Copy verbatim the span of lines beginning at the line that contains "Fig. 03 - OCULAR" and ending with the final line of the data. Exclude pictures from the copy.

Short web captions
== Segment start ==
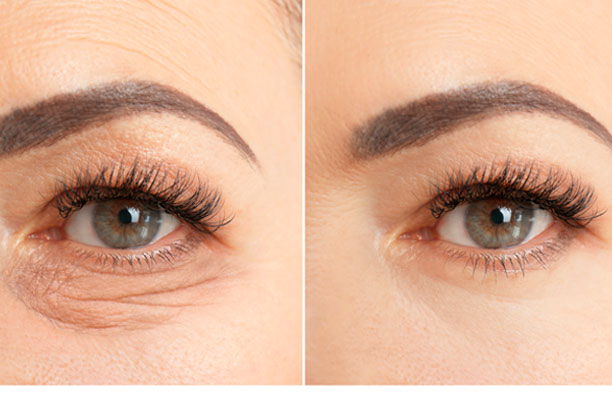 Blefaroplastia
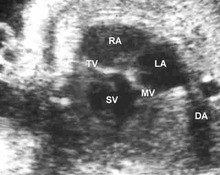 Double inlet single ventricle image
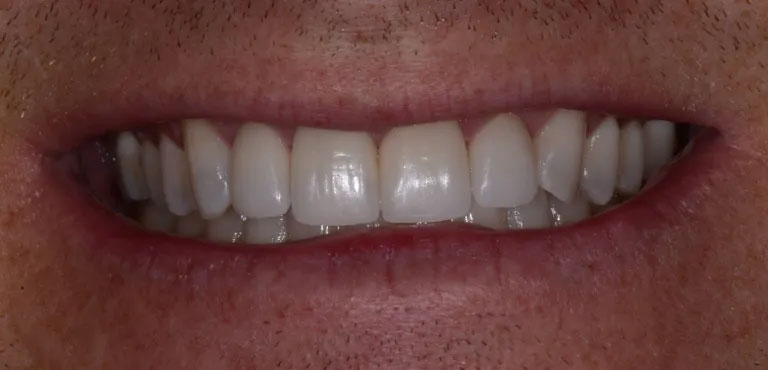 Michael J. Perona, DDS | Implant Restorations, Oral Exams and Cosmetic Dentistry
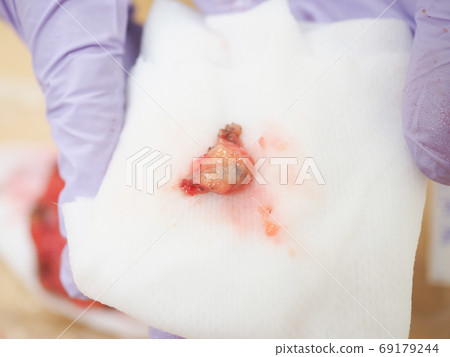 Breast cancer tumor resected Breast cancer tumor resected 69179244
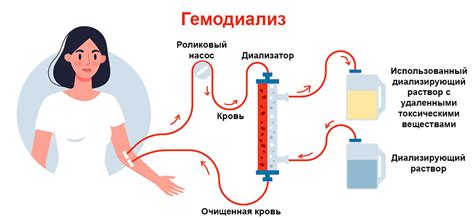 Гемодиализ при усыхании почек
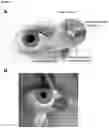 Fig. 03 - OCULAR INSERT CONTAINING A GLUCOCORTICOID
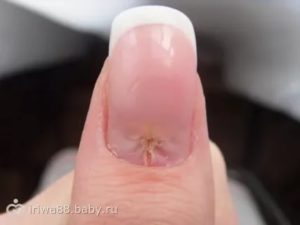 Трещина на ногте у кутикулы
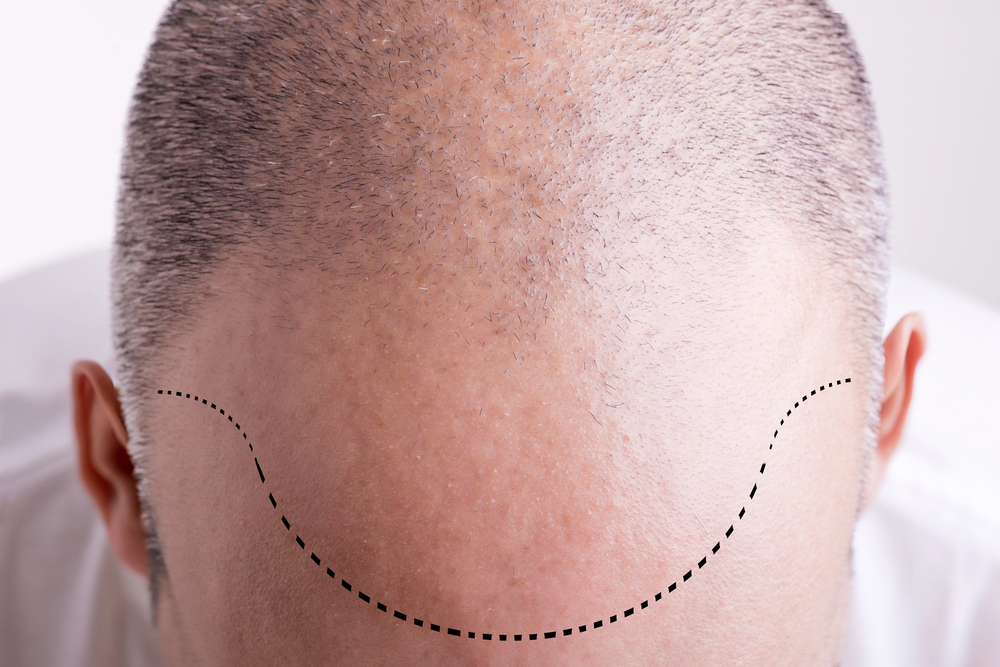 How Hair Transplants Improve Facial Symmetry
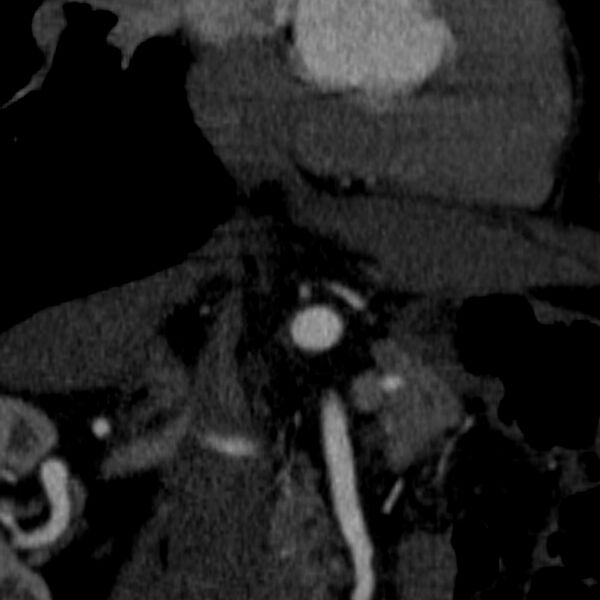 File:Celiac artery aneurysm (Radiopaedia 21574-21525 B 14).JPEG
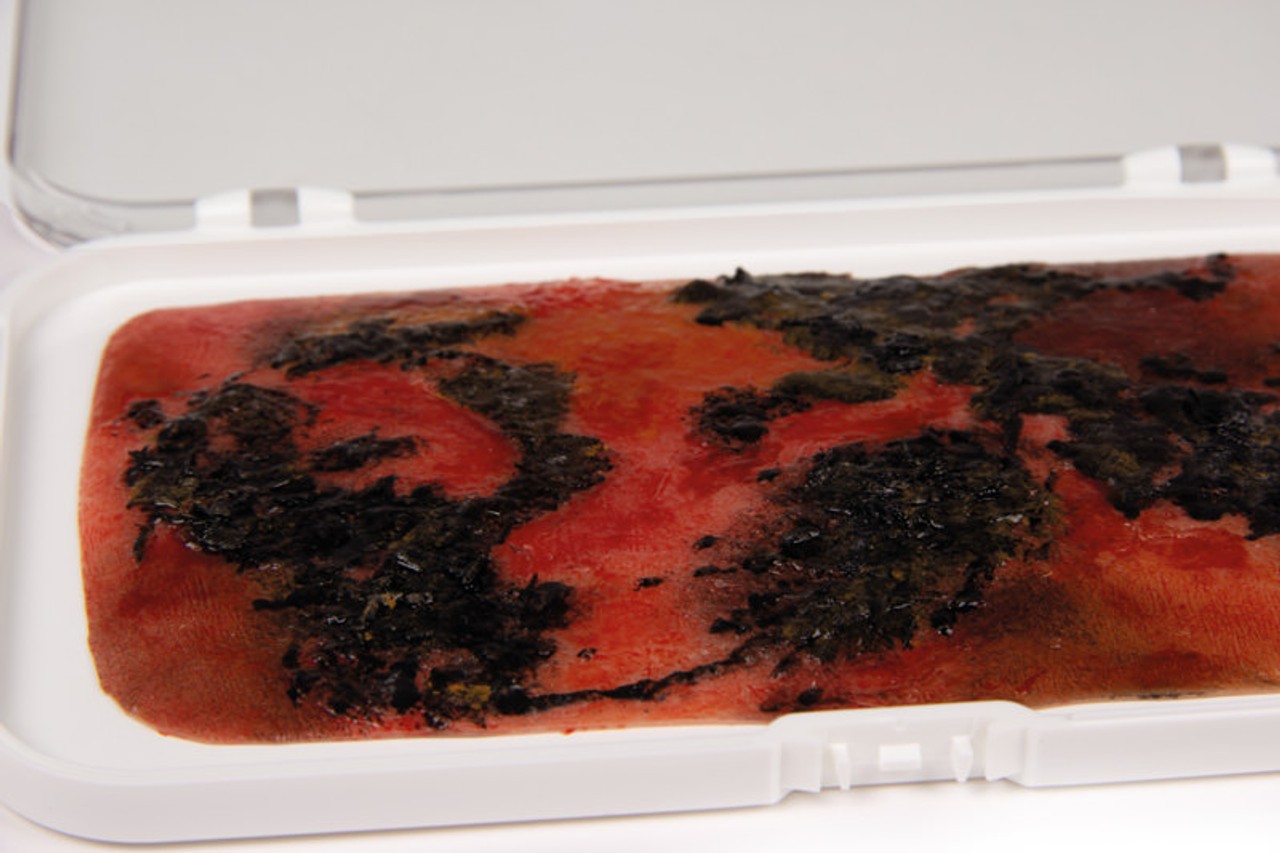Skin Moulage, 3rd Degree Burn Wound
== Segment end ==
Result for this task:
 Fig. 03 - OCULAR INSERT CONTAINING A GLUCOCORTICOID
 Трещина на ногте у кутикулы
 How Hair Transplants Improve Facial Symmetry
 File:Celiac artery aneurysm (Radiopaedia 21574-21525 B 14).JPEG
Skin Moulage, 3rd Degree Burn Wound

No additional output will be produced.